October 1st, 2016

Clean sweep for Pugh at British Summer Championships

Updated: 11:21 am, Aug 19, 2015

VALE swimmer Tazmin Pugh clinched a staggering seven gold medals from as many events at the British Summer Championships and now sits in first place in the UK age group rankings in 11 long and short course events.

The new form of the combined British Summer Championships (BSC), previously known under separate competitions as the National Age Groups, Youth and Senior Championships, featured six days of mind-blowing performances by Britain’s best swimmers.

To be invited to this premier event at Ponds Forge in Sheffield, swimmers have to be in the top 24 for each event in Great Britain. Those below this level ranked 25-50 and bringing in a slightly lower age level, starting at 12, take part in their own English, Welsh or Scottish Home Nations Championships the following week.

For the inaugural premier BSC competition Pugh, together with nine others from her club Ellesmere College Titans, had qualified.
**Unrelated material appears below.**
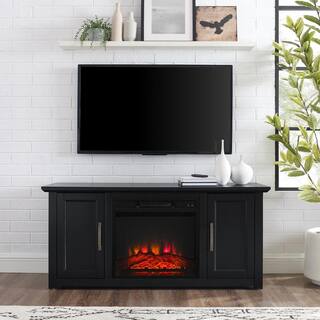 CROSLEY FURNITURE Camden Black 48 in. Low Profile TV Stand with Fireplace Fits 50 in. TV with Cable Management KF100548BK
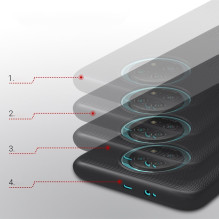 Nillkin Super Frosted Shield sustiprintas dėklo dangtelis skirtas Xiaomi Redmi Note 9T 5G juodas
Pugh, aged 15, had decided to enter just seven of the ten events she had qualified for, as well as a 3km National Open Water Championships at the conclusion of the week-long pool championships.

In her first event, the 50m butterfly, Pugh qualified from the heats in first place for the evening finals with a new British record for 15-year-olds of 27.35.

Going even quicker in the finals and taking gold, she broke the record again with 27.22 to rise to seventh best in Europe.

Pugh was pleased to discover she was the second fastest in the pool of all ages, including the age of 19 and above.

On day two Pugh competed in the 100m fly and 800m freestyle. Qualifying easily for the 100m fly finals in first place, Pugh then discovered due to a couple of withdrawals she was now in the 800m to be competed for in the finals session, thereby making the 100m fly somewhat tougher.

In the end though Pugh not only took gold in both the 800m freestyle (8:44.30) – setting a new regional record as she beat second place by over 14 seconds (fifth in Europe) – but she also became British champion in the 100m fly (1:00.43) as she clinched a third gold of the championships.

On the Friday Pugh qualified over six seconds quicker than her competition for the finals of the 200m fly and then went on to do something similar in the 200m backstroke (2:13.58) – this time four seconds quicker and sixth best in Europe.

Again, to take both titles during the evening’s finals would be difficult, but once again she rose to the challenge to take her fourth and fifth British Championship titles with delight firmly etched on her race face.

On the penultimate day of pool competition in the Steel City, Pugh once again amazed onlookers by the ease of her victory in the heats of the 400m individual medley (IM) as she cruised to a time of 4:57.67.

In the finals she progressed this to a new regional record time of 4:51.70 as she broke her own which she had set at the British Championships Junior Trials in April, taking her to ninth in Europe.

This marked her sixth National Championship title and one or two of the interested parties started to look up the records to see if this had ever been achieved before.

The final day saw Pugh tackling one her stiffest contests yet in the 400m freestyle as she was not the fastest going into the heats. Once again this did not faze her, with Pugh making it through the heats in first place for her age group with a new PB of 4:19.71 and in fact she was third fastest in the pool of all ages, including all the University girls present of 19 and over.

She set about her 400m freestyle final looking cool, calm and collected and allowed the girl in lane five to gain half a body length lead over the first 75m.

At the turn, however, Pugh turned on the after-burners to take the lead and she stretched it out further over the remainder of the distance to gain her seventh gold medal and British Age title of the championships, climbing to fifth in Europe for this event.

It is not confirmed, but this clean sweep of seven individual British Championships age titles is possibly an unprecedented achievement in British Swimming.

The following day Pugh competed in her first ever open water event – the Amateur Swimming Association Open Water Championships – and won a bronze medal over the 3km distance.

Having had a week off, Pugh begins preparations for the Commonwealth Youth Games in Samoa where she will be representing England in early September.